We speak to Casey Sugden, State Manager of Victoria, Tasmania and South Australia, to find out what advisers need to know about MetLife Protect’s modular product design and how to work closely with clients to best meet their needs.

Can you explain how MetLife Protect is different to other products in the market?

One of the most important aspects of MetLife Protect is that we have taken a modular approach to our product design. The principle behind this approach is to move away from the traditional “one-size-fits-all” towards a more customised approach. This allows advisers and their clients to work together to build a product solution based on the client’s unique needs and affordability.

Put simply, MetLife Protect and MetLife Protect Super lets consumers build on the four Standard Cover types (Life, Trauma, TPD and Income Cover) with a range of optional Extras Covers, for example: Home Loan Extras, Family Extras and Sole Trader Extras.

We have specifically included guaranteed future insurability in most of the optional Extras Cover.

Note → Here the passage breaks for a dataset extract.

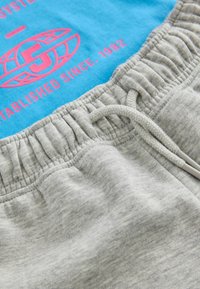 Lys grå sweatpants med tekstureret talje og snøre, parret med en blå t-shirt med rosa grafisk tekst og logo.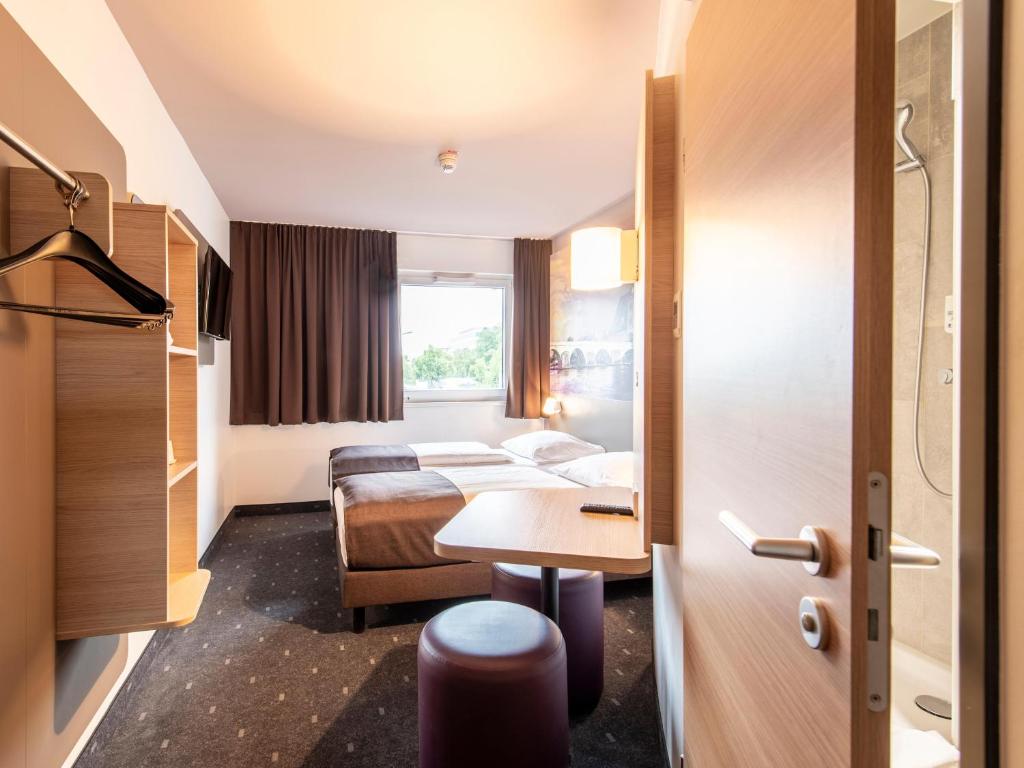 a hotel room with two beds and a table at B&B Hotel Regensburg-City in Regensburg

Guaranteed future insurability is a great tool for advisers to use at review as it allows for cover to be increased without underwriting should their client’s needs change.

The modular product design, combined with guaranteed future insurability means that MetLife Protect supports and encourages greater interaction between advisers and their clients.

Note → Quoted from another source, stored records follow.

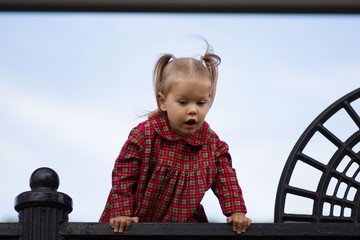 Portrait of curiosity caucasian child of two years old looking down from high point on the blue sky...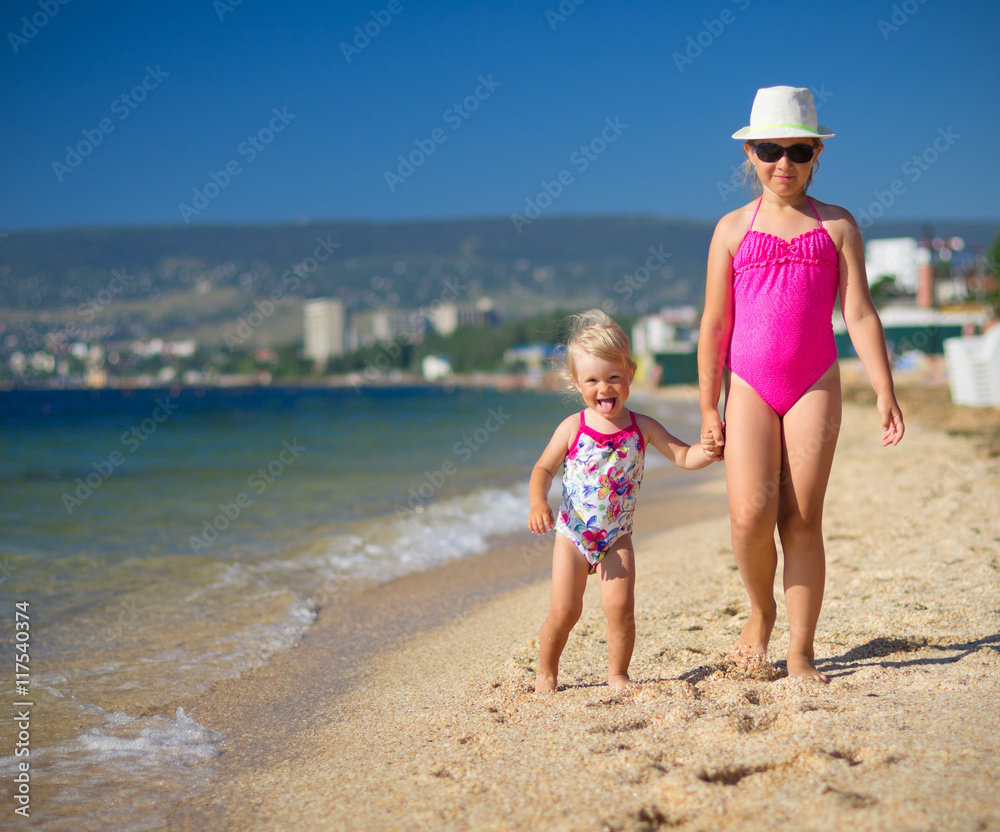 Two girls on sea coast Two girls on sea coast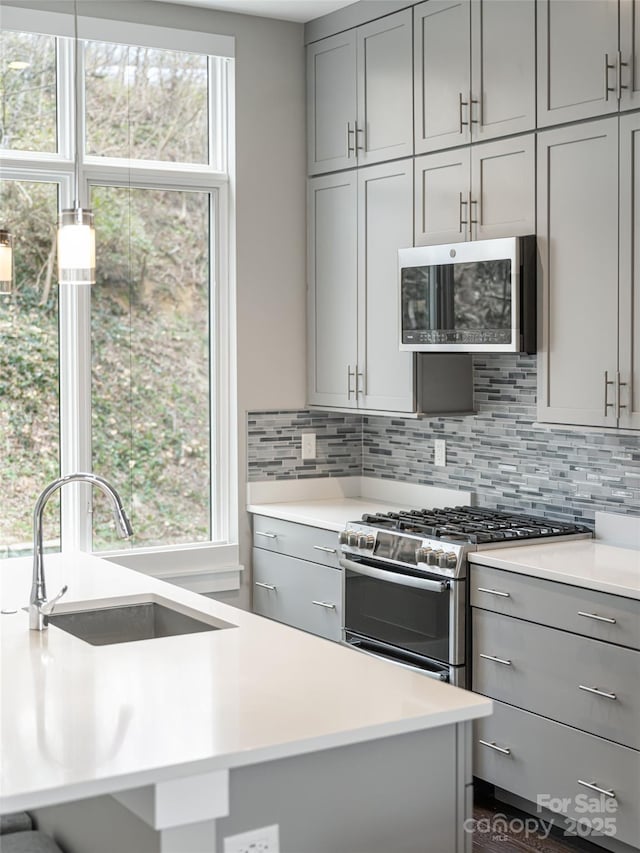 kitchen with light countertops, appliances with stainless steel finishes, a sink, and gray cabinetry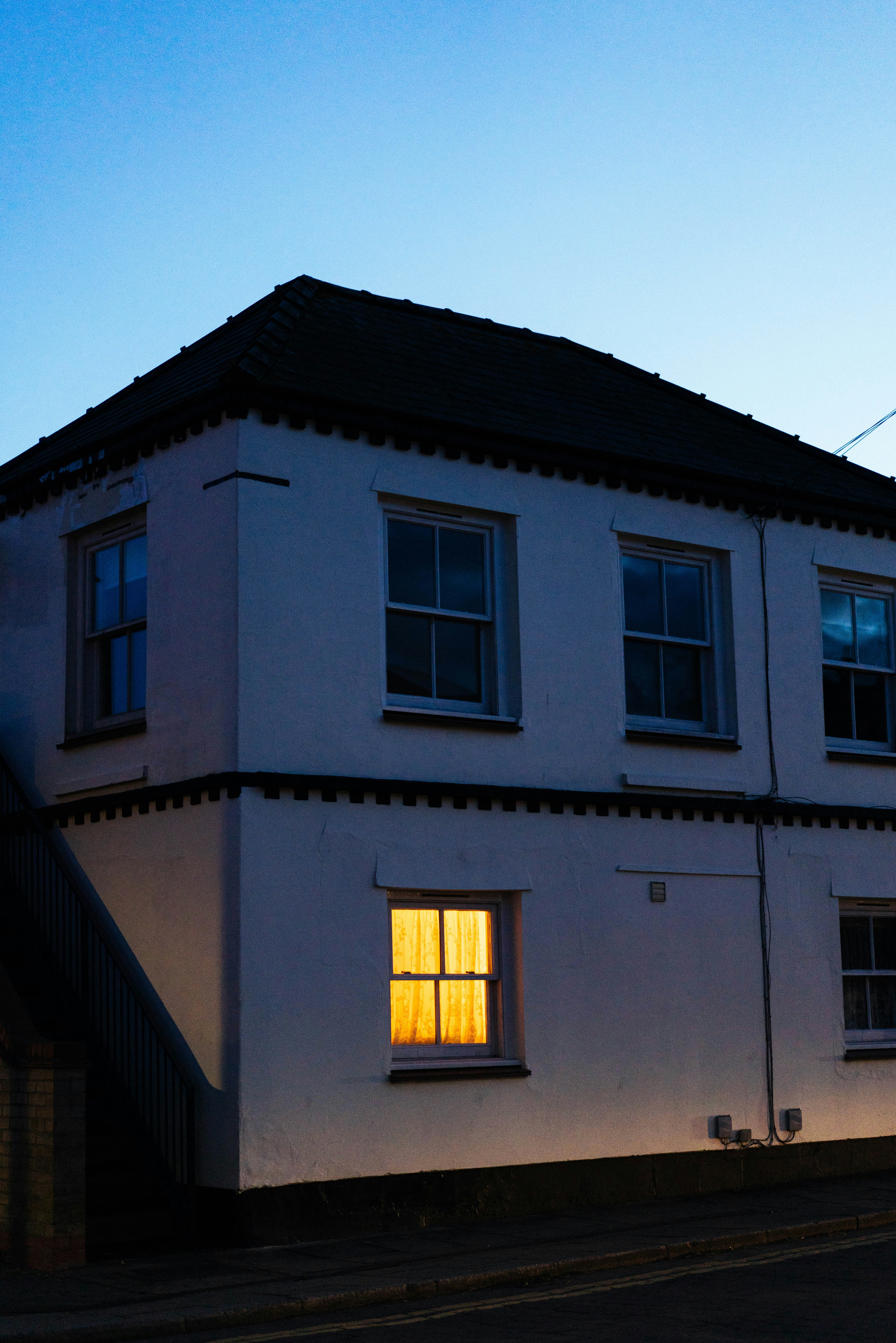 A white building with one illuminated window at dusk.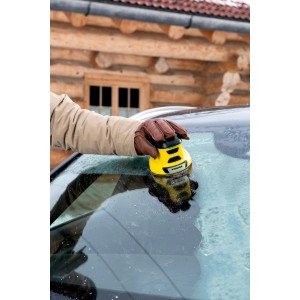 Grattoir à glace électrique sans fil Kärcher EDI 4 jaune en utilisation sur un pare-brise de voiture gelé.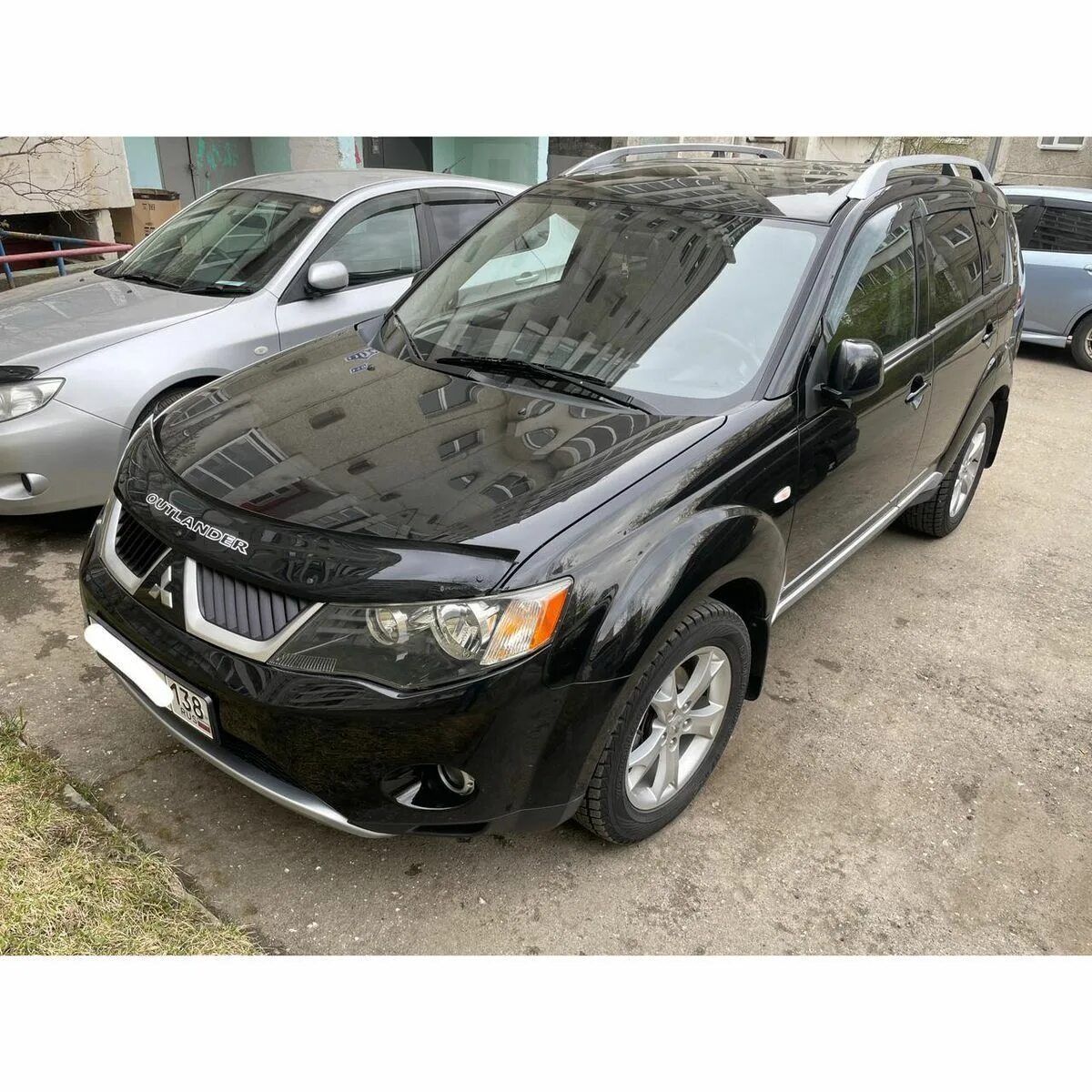 Купить мицубиси в иркутске. X42a цвет Мицубиси Аутлендер. Mitsubishi Outlander 2008 год чёрного цвета антихром тонированный. Аутлендер 2 литровый. Цвет х42 Митсубиси.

How often should advisers check in and how can they find out about what needs updating?

The research tells us the clients want to hear from their adviser more than once a year so we would encourage at least one formal annual review. I would have a series of questions to send out to the client prior to an annual review to ascertain what life changes have happened. This assists in determining which benefits in the modular construction would be right for the client so we can add to the policy and remove those that don't fit. I would be talking about the way MetLife Protect is constructed, all the great things we can do in terms of structuring a product and how easy it is to make changes.

Does this mean advisers may need to change the way they do annual reviews?

Most advisers I talk to like to send a pre-checklist for their reviews each year combined with a summary of any conversations and issues they have discussed during the year. As we know, life is not static. It is constantly changing. We often underestimate how much a client’s life, and therefore insurance needs have changed during the course of a year. The review should pick up the big-ticket items such as buying a house or having children, as well as the subtler changes such as children becoming adults, financial obligations and changes to work patterns. Another great opportunity during the review is to also ask what the client envisages will be changing in their lives in the next 1 to 5 years.

Have you got any tips on how advisers can make their clients comfortable about opening up on their most personal and sensitive information?

Establishing trust is the key. Financial advice is based on trust not money. A great strategy is to have a conversation with clients where the adviser uses the analogy of a general practitioner: they analyse a client’s financial health, assess their vital stats, obtain a life history and identify pain points. This information is then used to develop an action plan to secure the client’s long-term prosperity and help remedy any financial problems. Importantly, just like GPs, advice from financial advisers is only as good as the information they receive from their clients. That’s why relationship building is so important in the advice industry.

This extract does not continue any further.